Coldiretti si appella anche a tutta la filiera, compresa la Grande distribuzione, “affinché si creino filiere virtuose, etiche e solidali – sostiene Luca Saba – in cui i maggiori costi siano spalmati e condivisi evitando di farli ricadere come sempre sugli anelli più deboli che sono ai due vertici, i produttori ed i consumatori. Un altro punto del progetto Sardegna è sulla costituzione del Patto con la Gdo, un tavolo di filiera del cibo in cui sia garantito un prezzo equo a tutti e la valorizzazione dei prodotti made in Sardinia”.

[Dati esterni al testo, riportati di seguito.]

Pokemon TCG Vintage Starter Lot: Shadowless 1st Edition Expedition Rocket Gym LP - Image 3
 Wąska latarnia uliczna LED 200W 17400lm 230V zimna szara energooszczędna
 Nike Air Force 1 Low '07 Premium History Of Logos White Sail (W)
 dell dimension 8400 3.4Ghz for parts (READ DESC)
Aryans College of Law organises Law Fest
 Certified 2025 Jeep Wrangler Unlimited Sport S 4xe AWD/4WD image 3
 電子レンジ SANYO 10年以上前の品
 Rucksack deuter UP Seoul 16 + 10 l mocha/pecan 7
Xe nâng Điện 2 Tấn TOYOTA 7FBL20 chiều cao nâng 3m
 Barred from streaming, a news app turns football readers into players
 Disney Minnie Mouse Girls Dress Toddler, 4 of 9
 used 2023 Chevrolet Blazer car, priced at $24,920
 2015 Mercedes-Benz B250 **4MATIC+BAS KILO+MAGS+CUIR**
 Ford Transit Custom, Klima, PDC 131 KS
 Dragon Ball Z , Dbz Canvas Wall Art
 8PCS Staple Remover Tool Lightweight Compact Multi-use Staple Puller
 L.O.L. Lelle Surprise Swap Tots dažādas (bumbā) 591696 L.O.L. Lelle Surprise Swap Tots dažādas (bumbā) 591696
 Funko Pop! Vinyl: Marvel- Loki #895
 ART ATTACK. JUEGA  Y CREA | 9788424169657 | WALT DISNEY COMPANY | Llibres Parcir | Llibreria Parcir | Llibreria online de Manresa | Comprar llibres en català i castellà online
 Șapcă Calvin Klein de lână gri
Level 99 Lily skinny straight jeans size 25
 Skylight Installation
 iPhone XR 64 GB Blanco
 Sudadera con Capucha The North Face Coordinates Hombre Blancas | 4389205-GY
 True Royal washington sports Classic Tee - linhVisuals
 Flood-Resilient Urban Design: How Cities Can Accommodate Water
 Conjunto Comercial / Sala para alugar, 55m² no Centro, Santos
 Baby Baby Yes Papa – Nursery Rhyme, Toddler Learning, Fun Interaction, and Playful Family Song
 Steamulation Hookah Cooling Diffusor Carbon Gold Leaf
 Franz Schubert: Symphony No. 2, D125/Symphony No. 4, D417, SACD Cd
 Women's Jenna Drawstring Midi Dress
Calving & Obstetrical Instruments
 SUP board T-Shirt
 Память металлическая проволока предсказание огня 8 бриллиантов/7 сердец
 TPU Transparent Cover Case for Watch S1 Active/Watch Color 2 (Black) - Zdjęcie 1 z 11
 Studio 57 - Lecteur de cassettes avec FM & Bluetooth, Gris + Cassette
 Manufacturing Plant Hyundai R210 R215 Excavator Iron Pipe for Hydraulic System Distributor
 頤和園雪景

Qualche esempio virtuoso, ancorché da strutture in modo organico, si sta già sviluppando, ed è quello della filiera del pomodoro da industria. Nei giorni scorsi produttori e trasformatori (Casar) hanno trovato l’accordo per 14 euro a quintale (pagato al produttore), con un incremento, rispetto alla scorsa stagione (si chiuse a 12,80), di 1,20 euro a quintale. L’anno scorso, Casar, dopo aver trovato l’accordo con gli agricoltori su 12,20 euro, decise poi di aumentare il prezzo e portarlo a fine annata a 12,80 euro, con un incremento di 60 centesimi, portando nelle tasche dei produttori di pomodoro 240mila euro in più.
“Anche quest’anno la Casas si dimostra concretamente vicina ai produttori – afferma Giuseppe Onnis, agricoltore e presidente di Coldiretti Samassi –. E nonostante le difficoltà siano anche per l’industria, condivide e si accolla con noi produttori i maggiori costi su tutta la filiera. Siamo chiamati tutti a grandi sforzi per superare e assimilare questa difficile situazione ed in questo caso stiamo condividendo un percorso insieme che ci porterà, vista proprio l’incertezza, ad una riduzione delle produzioni di circa il 30% rispetto alla scorsa stagione”.
In Sardegna si coltivano circa 330 ettari a pomodoro da industria (quello allungato per le conserve) tra Oristano (maggior produttore con 100 ettari), San Vero Milis, Solarussa, Cabras, Zeddiani, Serramanna, Samassi, Serrenti e Nuraminis.